> TASK ITEM: Write out an exact copy of the line containing "3D vizualizácia gastrointestinálneho traktu" and all lines that follow it in the data below, leaving out pictures.

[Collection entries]
=== Begin Enclosure ===

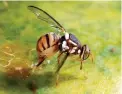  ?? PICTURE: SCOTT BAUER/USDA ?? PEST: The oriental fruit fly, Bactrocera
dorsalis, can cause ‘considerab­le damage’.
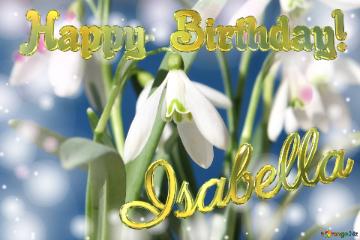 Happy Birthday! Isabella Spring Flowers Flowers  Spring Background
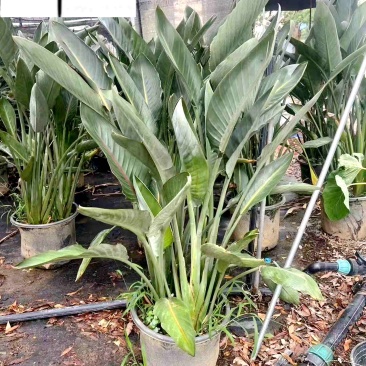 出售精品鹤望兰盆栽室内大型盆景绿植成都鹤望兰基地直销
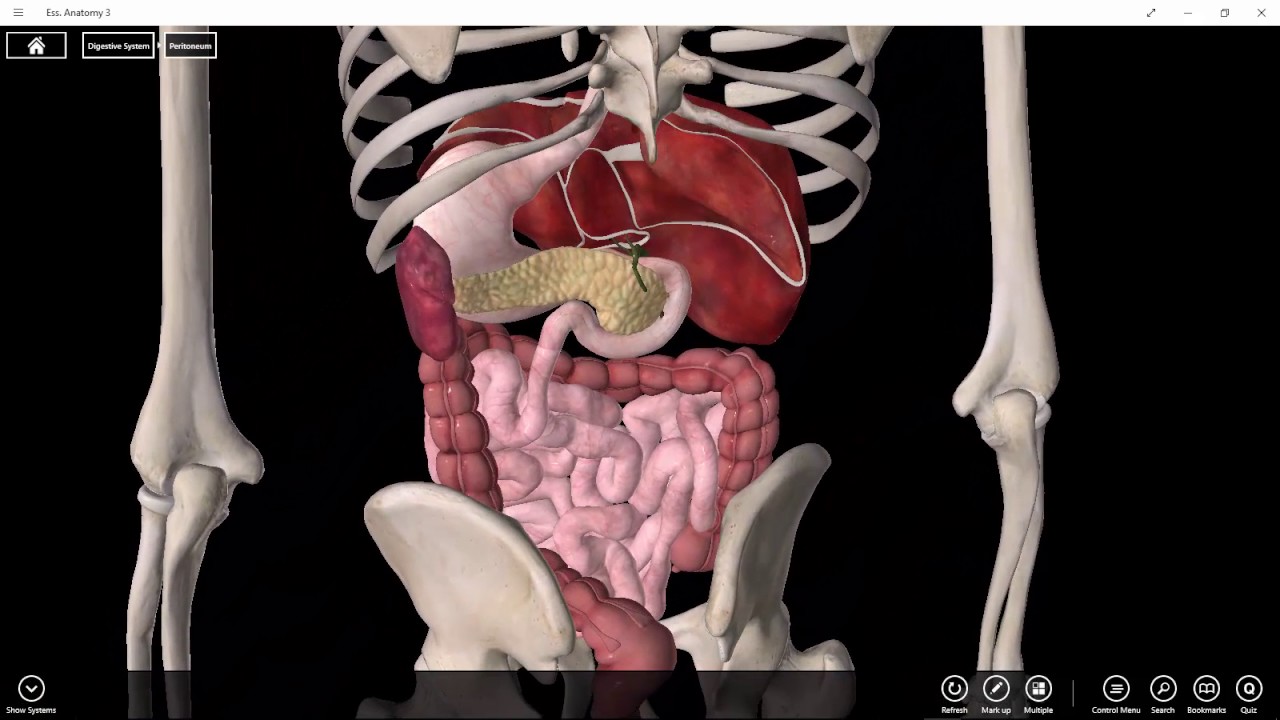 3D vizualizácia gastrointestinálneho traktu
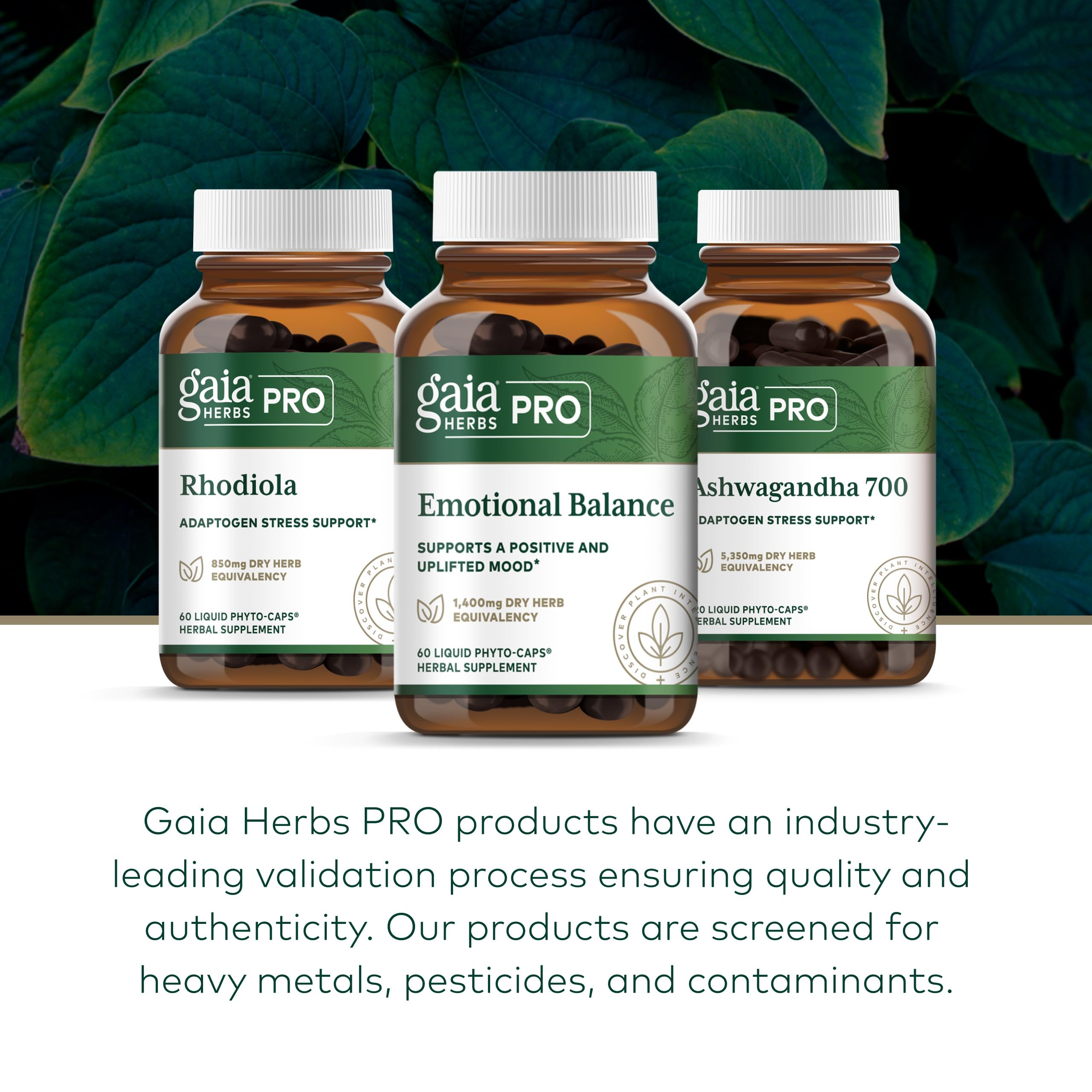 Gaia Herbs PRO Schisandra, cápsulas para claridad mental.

=== End Enclosure ===

> SOLUTION TO THE PROBLEM:
 3D vizualizácia gastrointestinálneho traktu
 Gaia Herbs PRO Schisandra, cápsulas para claridad mental.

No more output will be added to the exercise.